At the time of writing, the CDC seems to have come around to a position closer to that dictated by common sense—an approach, by the way, that had the backing of some healthcare professionals. The problem, however, is that much damage has been done already. The fear raised in the minds of the public slowed the conversion of smokers to vapers and caused some converts to relapse.
It is worrying that this development seems to support the idea that “good” vaping science is always going to be playing catch-up with “bad” vaping science and that sometimes it is never going to catch up. What I mean by this is that the shock-horror headline on page one might be overturned the next month but only with a piece at the bottom of page 32. One of the presentations at the GTNF, which was held in Washington, D.C., in September, included a number of clips from a television program. One of these clips implied that vaping with nicotine liquids could reduce the IQs of young people by 10–15 points from what they might have otherwise been. It was then pointed out that measuring such IQ deficits was difficult, something that could probably be accurately interpreted as being impossible and therefore never having been done.
But as the GTNF presenter pointed out, even though there were only a few seconds between the statements being made, the damage had surely been done.

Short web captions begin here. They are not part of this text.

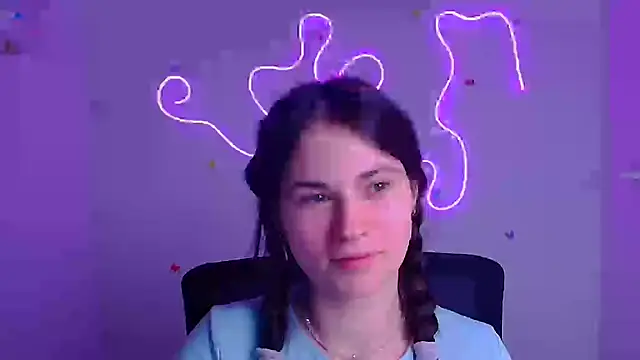 Loon Amore online show from March 4, 8:27 pm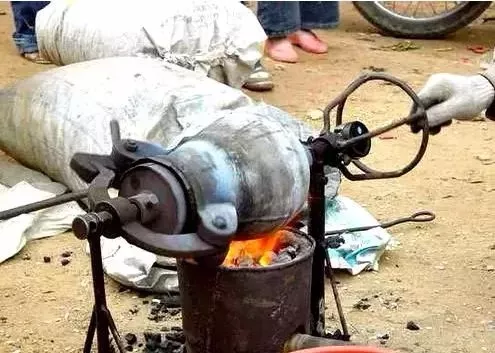 在贫乏的60年代,零食无疑是一个奢侈的词汇,留在历史长河里的就是我们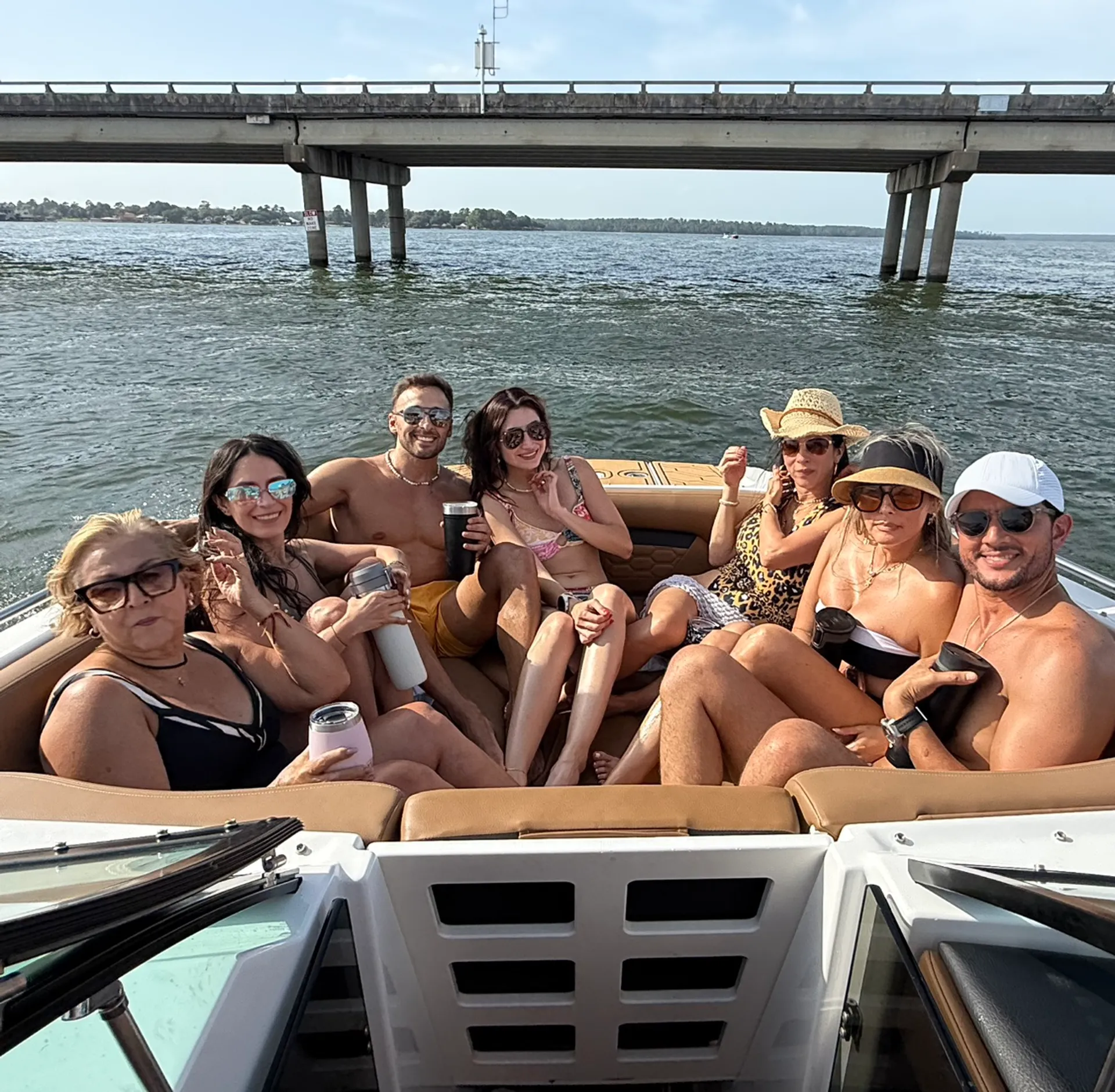 Brand New 2025 Four Winns HD8 with captain and host included 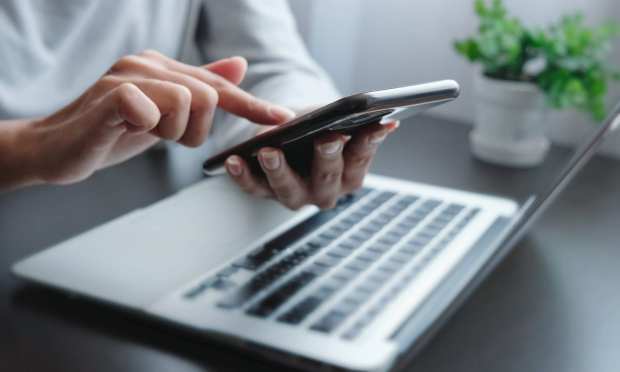 How Creating Space For Paper Checks Can Help Push Businesses Toward B2B Payment Digitization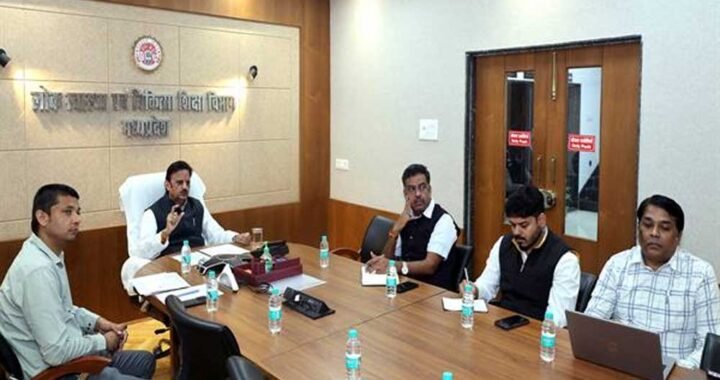 समयबद्ध एवं गुणवत्तापूर्ण स्वास्थ्य सेवाओं से ग्रामीणों का विश्वास जीतें चिकित्सक, मैदानी अमले से सतत बनाए रखें संवाद : उप मुख्यमंत्री  शुक्ल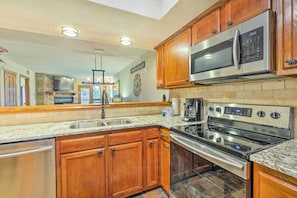 Apartment (2 Bedrooms) | Interior - Chalet Village Upper Alpine Condo w/ Pool Access! (Gatlinburg)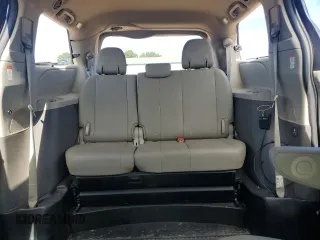 2020 Toyota Sienna XLE Auto Access Seat z VIN 5TDYZ3DC6LS033245, wystawiony jako Copart lot #56308365 z przebiegiem 82 254 mil mil oraz Szkoda całkowita • Salvage title. Historia ofert i sprzedaży dostępna na DreamBid. Obrazek 10.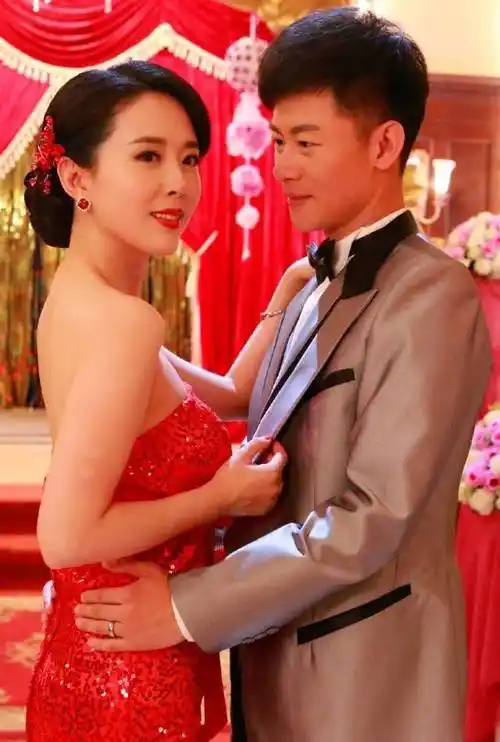 原创颜丹晨挺孕肚比心庆生肚大似足球临盆在即陈昊被误传是孩子爸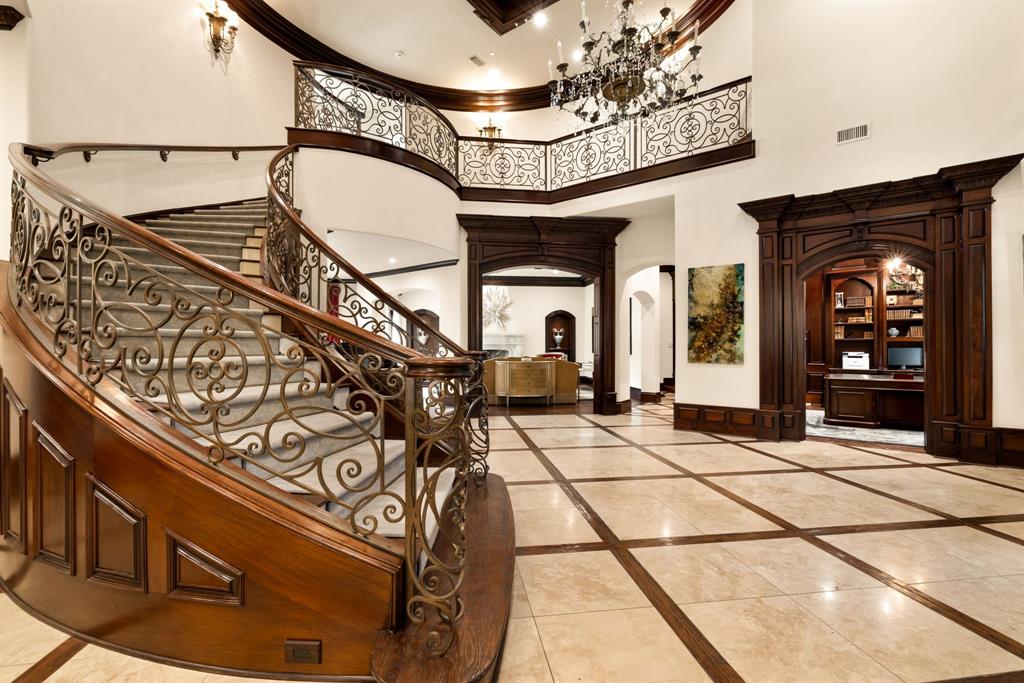 6413 Old Gate Road Plano, TX 75024 - Photo 5 of 38 a view of an entryway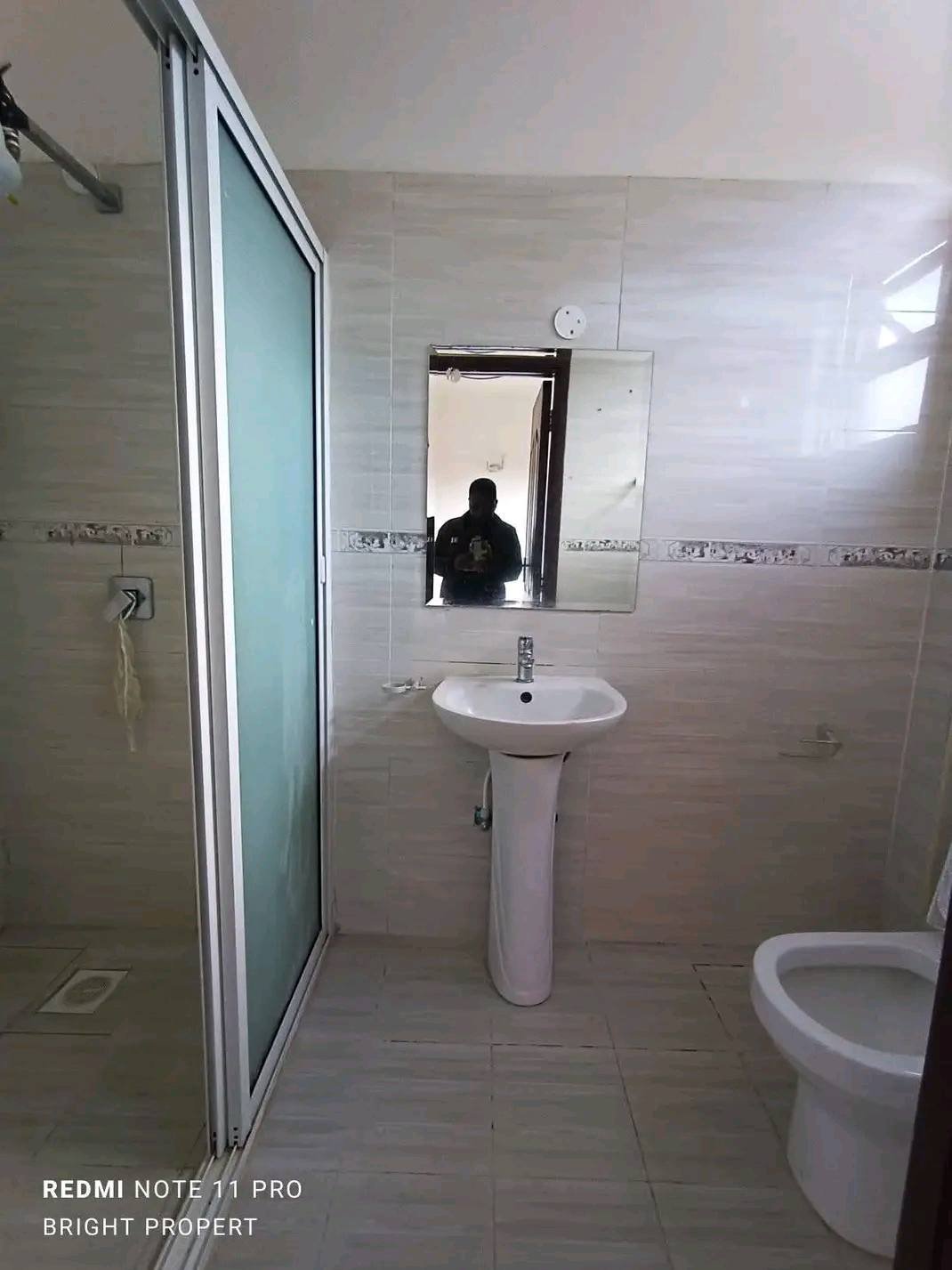 2-Bedroom Master Ensuite Apartment for Rent – Lavington Valley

Most viewers, especially those with children still at school, were going to remember the 10–15 point IQ deficit because it was aimed at the heart and because it would later be in 72-point type on page one while few were going to remember the retraction, which was aimed at the head and was bound for an 18-point presentation on page 32.
There is a further problem here. Once those viewers who watched the program and who absorbed the 10–15 point statement passed this information on to their friends at the school gate, they were probably well on their way to becoming experts. Their friends would ensure this in quoting them while passing on the information to others.
Perhaps we are all bound to become experts for 15 minutes. What a frightening thought.